Supplied material:

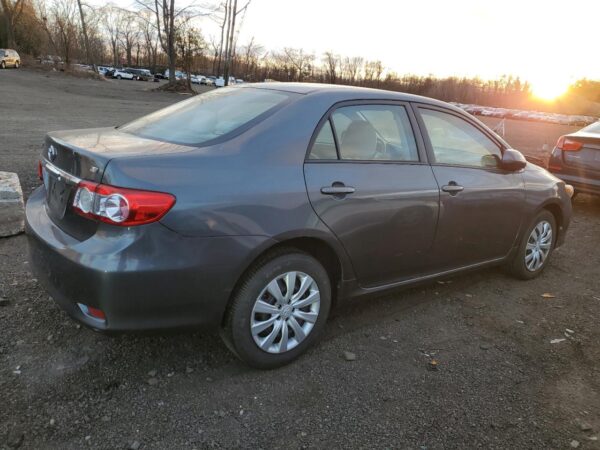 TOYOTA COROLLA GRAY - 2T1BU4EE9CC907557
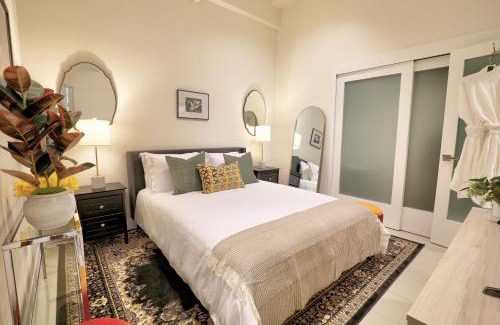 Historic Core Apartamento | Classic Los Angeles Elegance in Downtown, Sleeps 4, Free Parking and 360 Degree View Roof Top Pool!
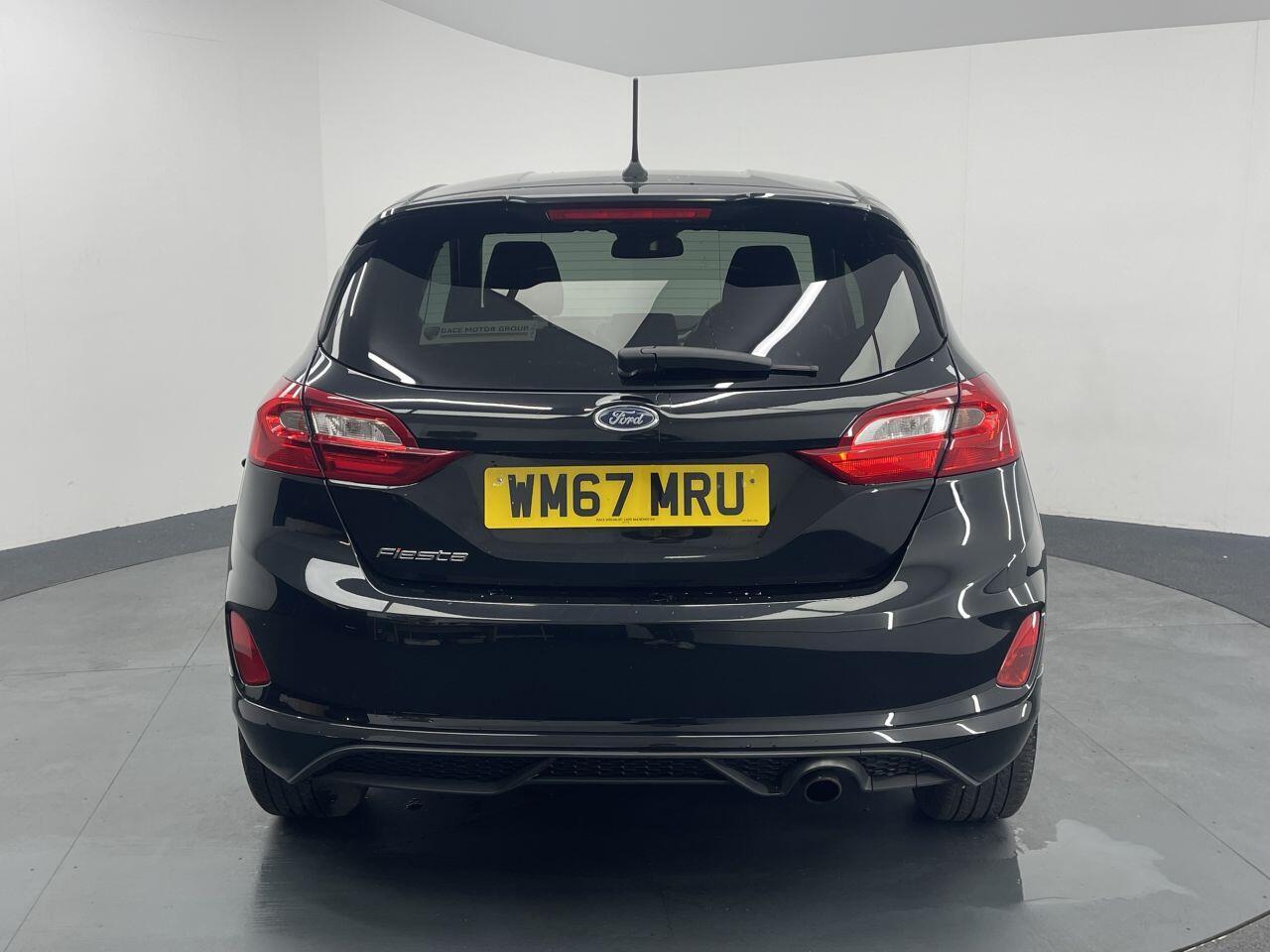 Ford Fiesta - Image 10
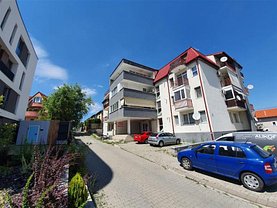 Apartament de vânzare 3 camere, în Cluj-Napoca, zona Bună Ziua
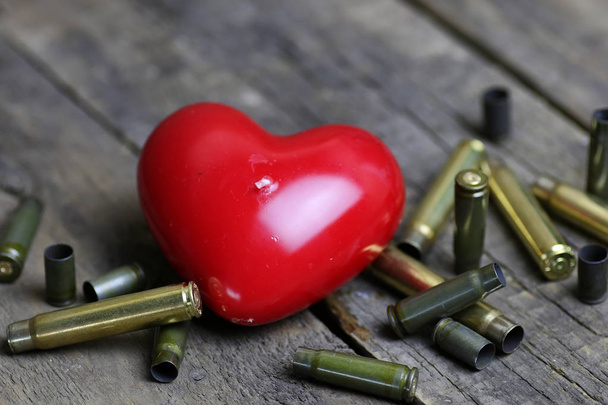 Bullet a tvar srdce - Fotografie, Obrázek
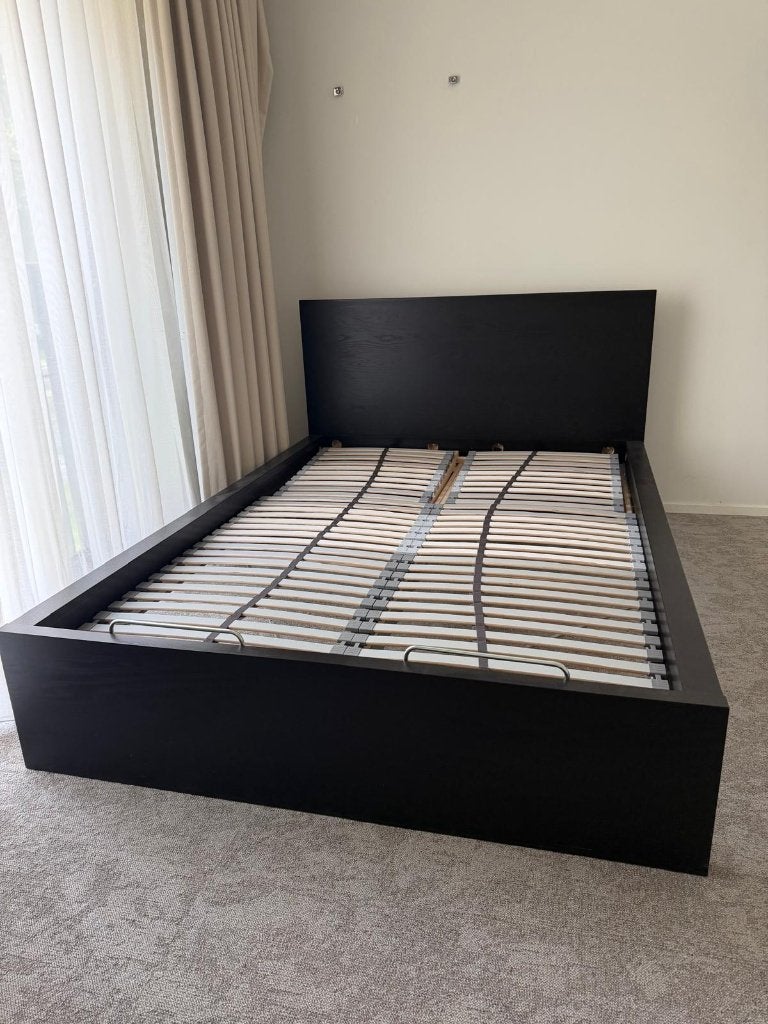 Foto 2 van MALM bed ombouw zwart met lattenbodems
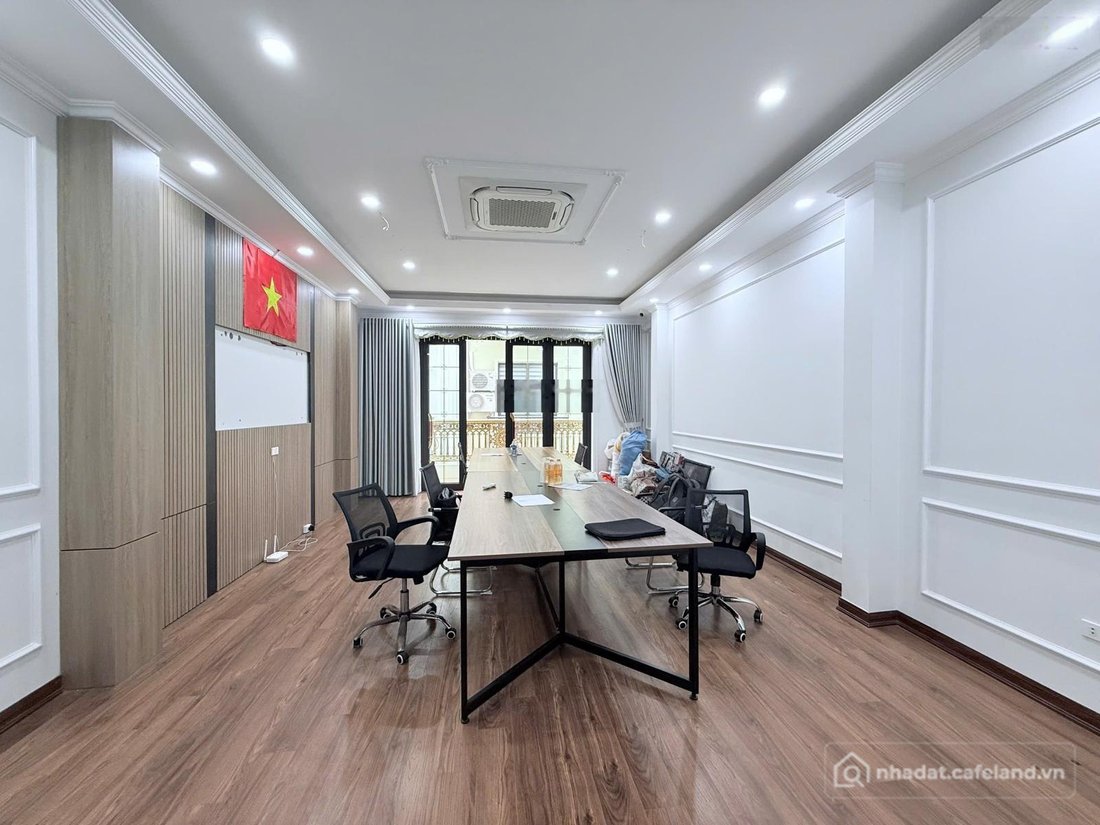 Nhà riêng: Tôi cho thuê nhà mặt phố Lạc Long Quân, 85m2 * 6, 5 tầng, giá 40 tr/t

---

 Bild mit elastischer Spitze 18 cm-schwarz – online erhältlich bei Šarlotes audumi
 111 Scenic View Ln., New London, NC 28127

Activity:
From the data above, return exactly the lines from the one with "TOYOTA COROLLA GRAY - 2T1BU4EE9CC907557" up to and including the one with "Bullet a tvar srdce - Fotografie, Obrázek". Pictures do not go in the copy.

Response to the task:
 TOYOTA COROLLA GRAY - 2T1BU4EE9CC907557
 Historic Core Apartamento | Classic Los Angeles Elegance in Downtown, Sleeps 4, Free Parking and 360 Degree View Roof Top Pool!
 Ford Fiesta - Image 10
 Apartament de vânzare 3 camere, în Cluj-Napoca, zona Bună Ziua
 Bullet a tvar srdce - Fotografie, Obrázek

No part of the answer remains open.